(PROVIDED RECORDS Opens)
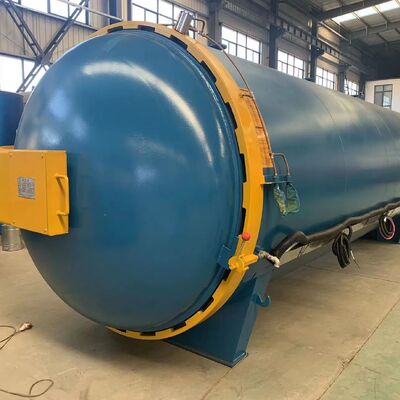 Release The Pressure Inside The Tank Mine Roller Vulcanization Tank Rubber Athletics Track Vulcanization Autoclave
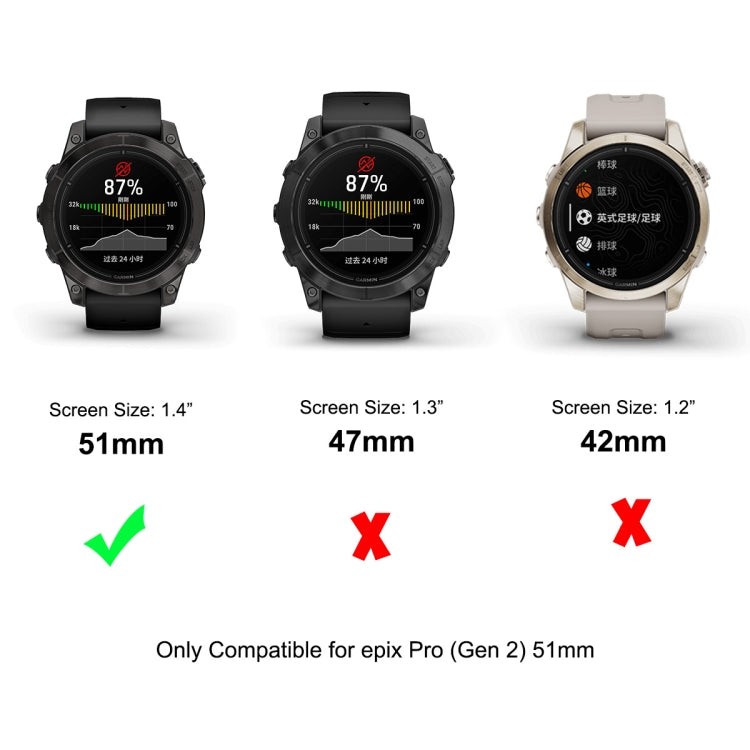 For Garmin Epix Pro Gen 2 51mm 10pcs ENKAY 3D Full Coverage Soft PC Edge + PMMA HD Screen Protector Film - Screen Protector by ENKAY | Online Shopping South Africa | PMC TechLife | Buy Now Pay Later Mobicred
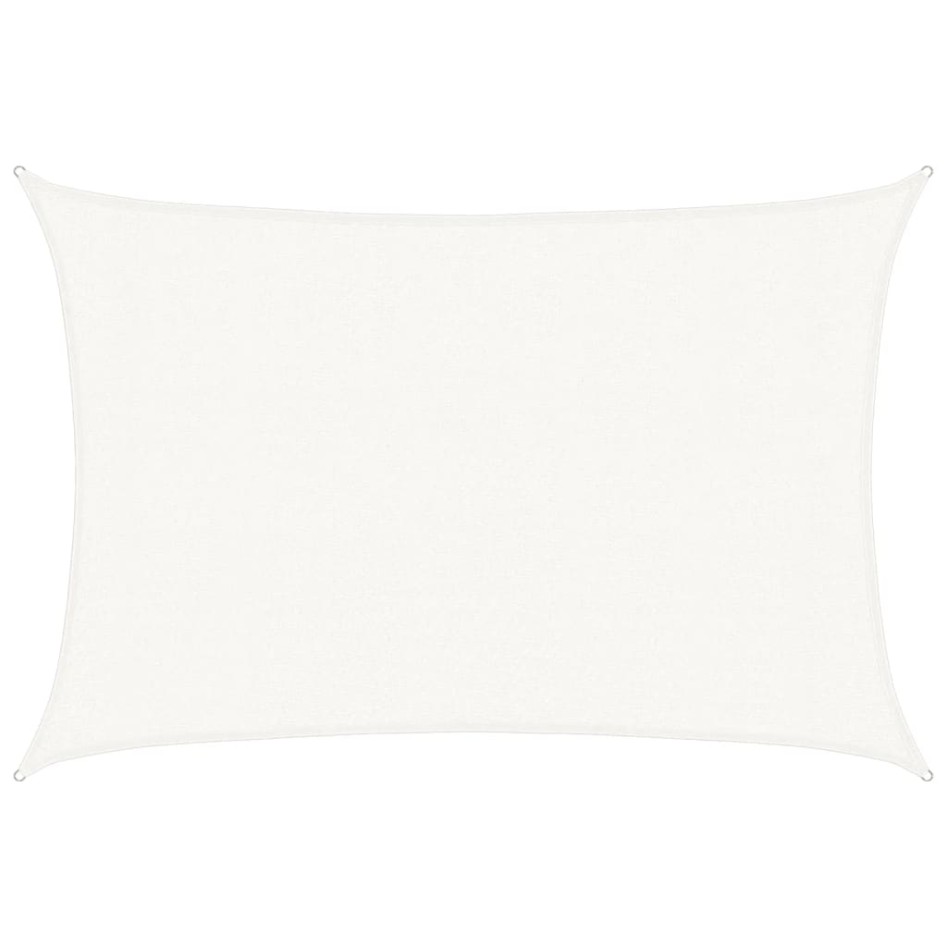 Toldo de vela blanco HDPE 160 g/m² 3x4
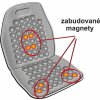 Potah sedadla masážní s magnety černý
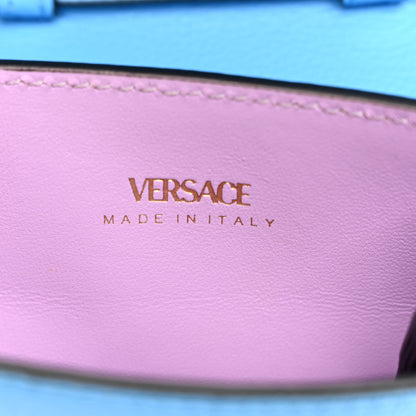 Versace Calfskin La Medusa Chain Crossbody Phone Pouch DV Blue 6 of 9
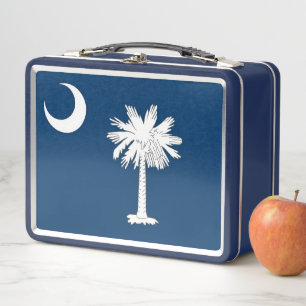 Metalen Roestvrij Lunchbox met South Carolina vlag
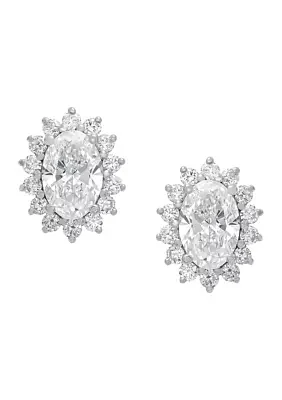 2.0 ct. t.w. Lab Grown Diamond Stud Earrings in 14K White Gold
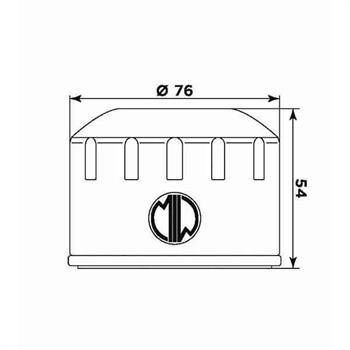 FILTRO OLIO MEIWA B9001-HIFLO HF164 BMW VARIE-KYMCO AK 550
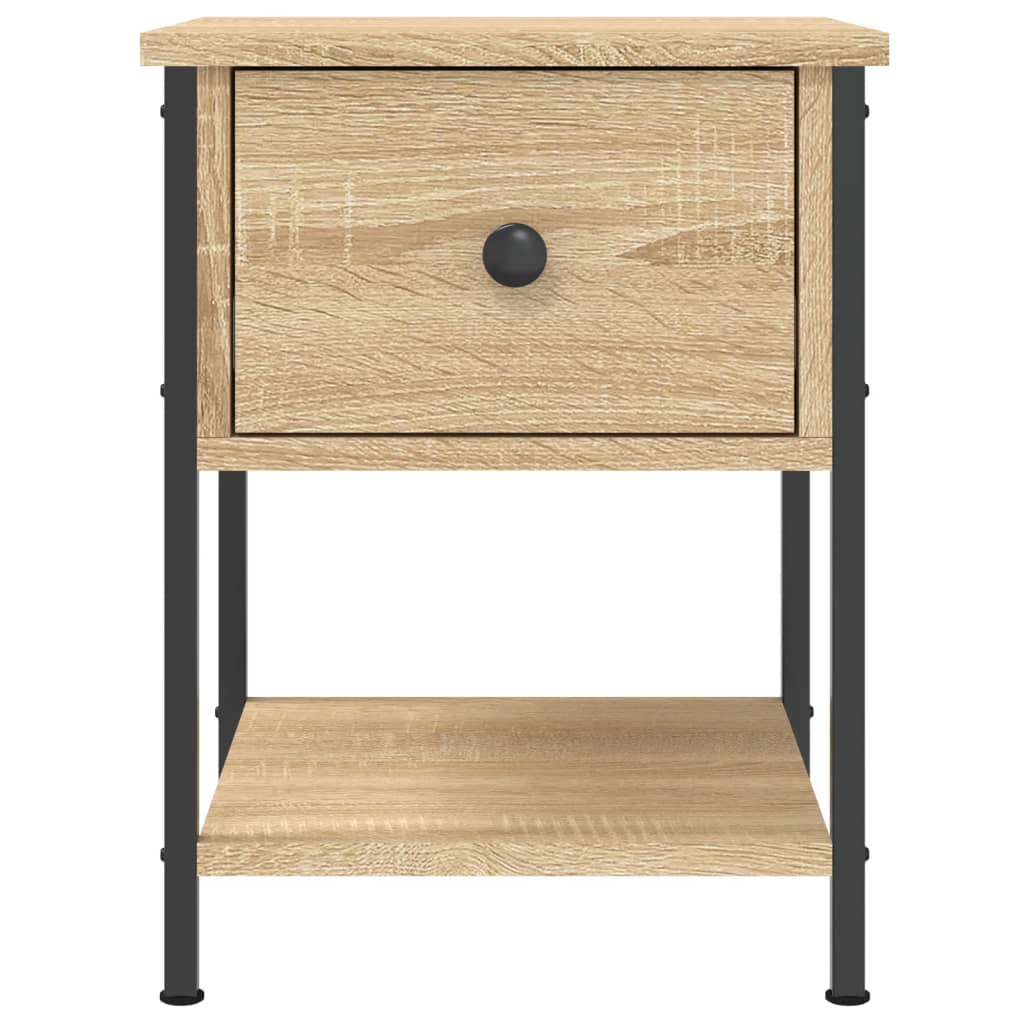 Bedside Tables 2 pcs Sonoma Oak 34x35,5x45 cm Engineered Wood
(PROVIDED RECORDS Closes)
* TASK PROMPT: Could you set down nothing but the lines from the one containing "For Garmin Epix" through the last line of the records above, both ends included, exactly as given and free of pictures?

* OUTPUT FOR THIS TASK:
 For Garmin Epix Pro Gen 2 51mm 10pcs ENKAY 3D Full Coverage Soft PC Edge + PMMA HD Screen Protector Film - Screen Protector by ENKAY | Online Shopping South Africa | PMC TechLife | Buy Now Pay Later Mobicred
 Toldo de vela blanco HDPE 160 g/m² 3x4
 Potah sedadla masážní s magnety černý
 Versace Calfskin La Medusa Chain Crossbody Phone Pouch DV Blue 6 of 9
 Metalen Roestvrij Lunchbox met South Carolina vlag
 2.0 ct. t.w. Lab Grown Diamond Stud Earrings in 14K White Gold
 FILTRO OLIO MEIWA B9001-HIFLO HF164 BMW VARIE-KYMCO AK 550
 Bedside Tables 2 pcs Sonoma Oak 34x35,5x45 cm Engineered Wood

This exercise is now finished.